Natürlich baut die 8-teillige Serie über die Folgen eine gewisse Spannung auf, spielt mit dezenter Erotik (ohne zu pornös zu sein), sich steigernden Grenzüberschreitungen (Worte, Berührungen, Küsse, sexuelle Handlungen) und kann ausreichend gut unterhalten (im Trash-TV-Stil). Ich könnte mir einen Ausschnitt dieser Serie sogar als Grundlage vorstellen, um mit jungen Menschen medienpädagogisch über sinnvolle Beziehungsgrundlagen und Vertrauen zu diskutieren. Aber die meisten Menschen werden sie wohl unreflektiert sehen und als Grundaussage mitnehmen, dass man nichts und niemandem vertrauen kann, dass Beziehungen beliebig austauschbar sind und dass man sich lieber auf den nächstbesten „Urlaubsflirt“ einlassen sollte, statt zu versprochener Treue und langfristiger Bindung zu stehen.
Jetzt bin ich garnicht generell gegen offene Beziehungsmuster und erotische Abenteuer, solange man das transparent kommuniziert. Aber alle gezeigten Paare hatten sich zu Beginn der Staffel auf klare Grenzen für ihren Beziehungstest geeinigt, die allesamt schnell gefallen sind. Und wer sich auf eine monogame Beziehung einlässt, sollte gemachte Zusagen auch auf der nächstbesten Beachparty noch ernst nehmen. Schließlich waren sich die Paare anfangs ja einig, dass sie gemeinsam das Preisgeld für eine gemeinsame Zukunft gewinnen wollen.

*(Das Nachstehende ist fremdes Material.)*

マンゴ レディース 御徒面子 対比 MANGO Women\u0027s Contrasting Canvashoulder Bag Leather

Wobei das Spielkonzept der Serie die 100.000 EUR Preisgeld weder für Treue noch für Vertrauen, sondern für richtige Übereinstimmungen beim Erkennen der Fake-Videos auslobt. Doch selbst darauf sind die TN scheinbar garnicht vorbereitet. Sie lassen sich zumindest duchgängig von emotionalen Faktoren und Wünschen leiten und nicht von rationalen Gewinnstrategien. Von einem Trash-TV-Format kann man zwar keine Gameshow-Kriterien erwarten, aber selbst vom redaktionellen Storytelling her hätte ich mir mehr Wertschätzung für die Spielprinzpien gewünscht. Positiv ausgedrückt: Die Emotionen sind wichtiger als das Geld.

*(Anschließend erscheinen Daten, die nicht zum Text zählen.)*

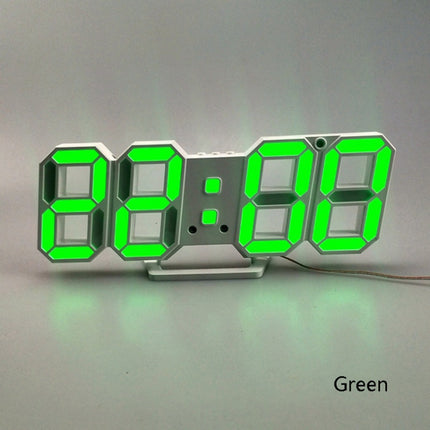 6609 3D Stereo LED Alarm Clock Living Room 3D Wall Clock, Colour: Green-garmade.com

Positiv bleibt für mich der Eindruck, dass KI-Entwicklungen und das Problem von intransparenten Deepfake-Technologien durch Sendungen wie diese auch im Massenmarkt thematisiert werden. So kann ein gesellschaftlicher Diskurs über Kenzeichnungspflicht von generativer KI in Gang kommen, der dringend nötig ist, um zu vermeiden, dass ähnliche Videos in dokumentarischen Formaten auftauchen. Denn wenn wir in einer Welt, die wir primär medial erleben, Fotos und Videos nicht mehr vertrauen können, müssen wir letztlich die gesamte Wirklichkeit hinterfragen und werden leicht zu Opfern von Manipulation und Machtmissbrauch. Und das ist nicht die Zukunft in der ich leben möchte.